◆ **What to work on**:
In full and word for word, copy the listing; no pictures belong in the copy.

◆ **The data**:
——

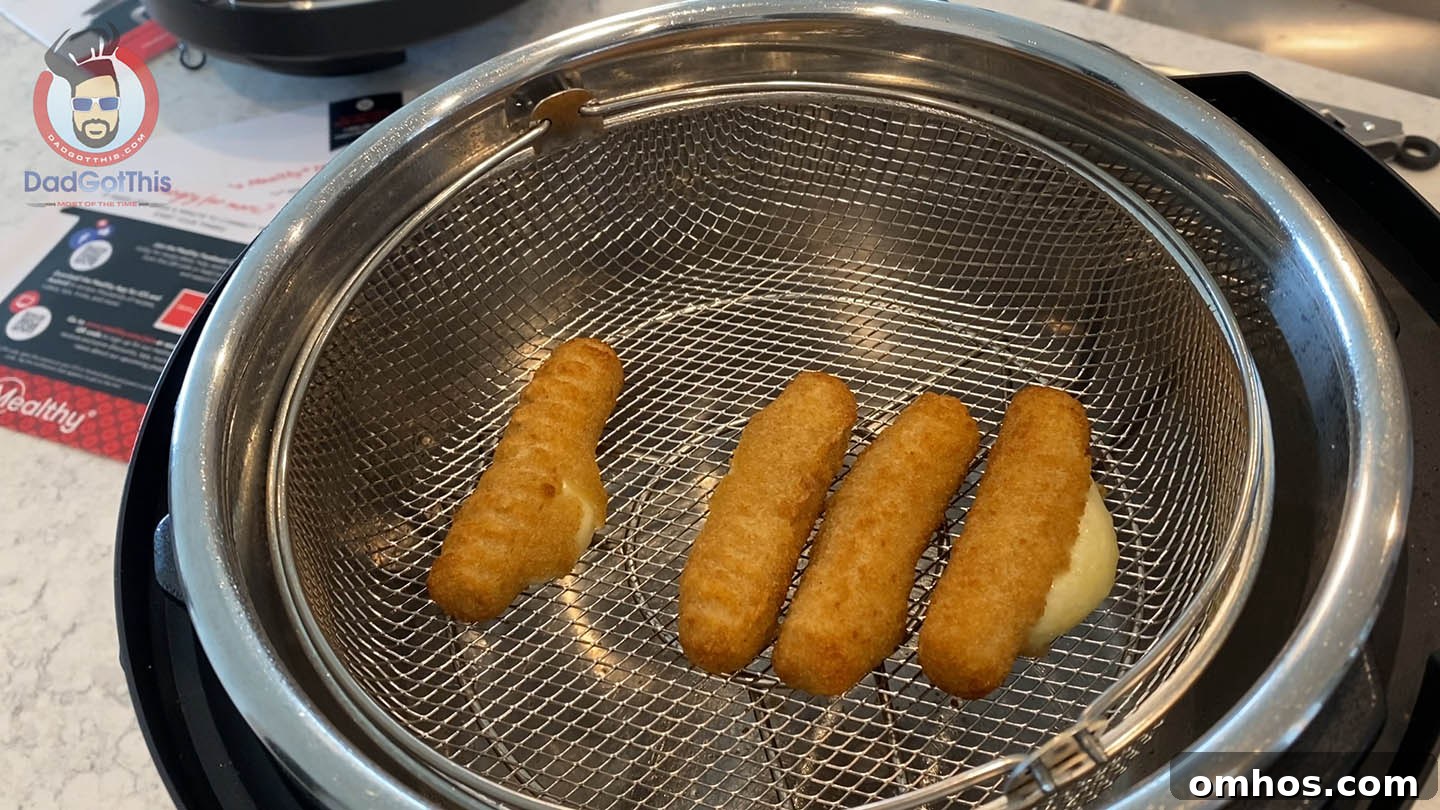 Mozzarella Sticks Cooked with the Mealthy Crisplid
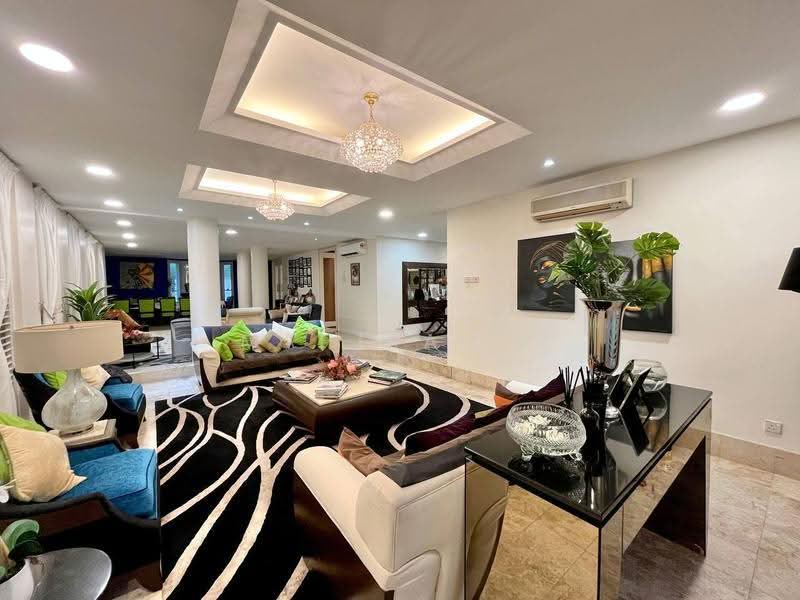 Bungalow House untuk Dijual di Ampang (Selangor) - Mahirah . - Living Room - PropertyGuru.com.my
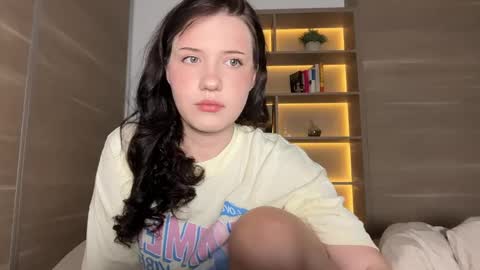 hanahwoods online show from June 3, 2026, 2:58 am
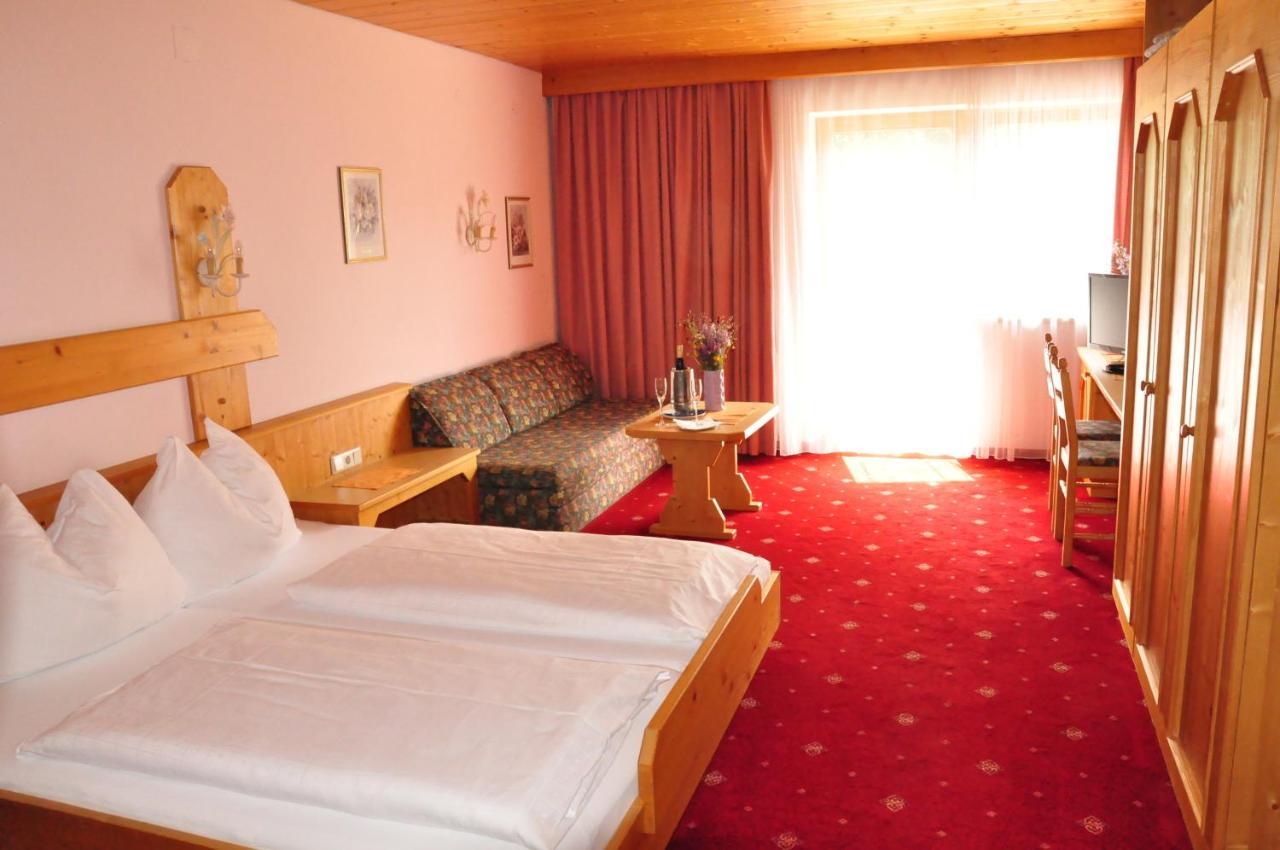 Hotel Zum Hirschen Leutasch Bilik gambar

——

◆ **Answer to this exercise**:
 Mozzarella Sticks Cooked with the Mealthy Crisplid
 Bungalow House untuk Dijual di Ampang (Selangor) - Mahirah . - Living Room - PropertyGuru.com.my
 hanahwoods online show from June 3, 2026, 2:58 am
 Hotel Zum Hirschen Leutasch Bilik gambar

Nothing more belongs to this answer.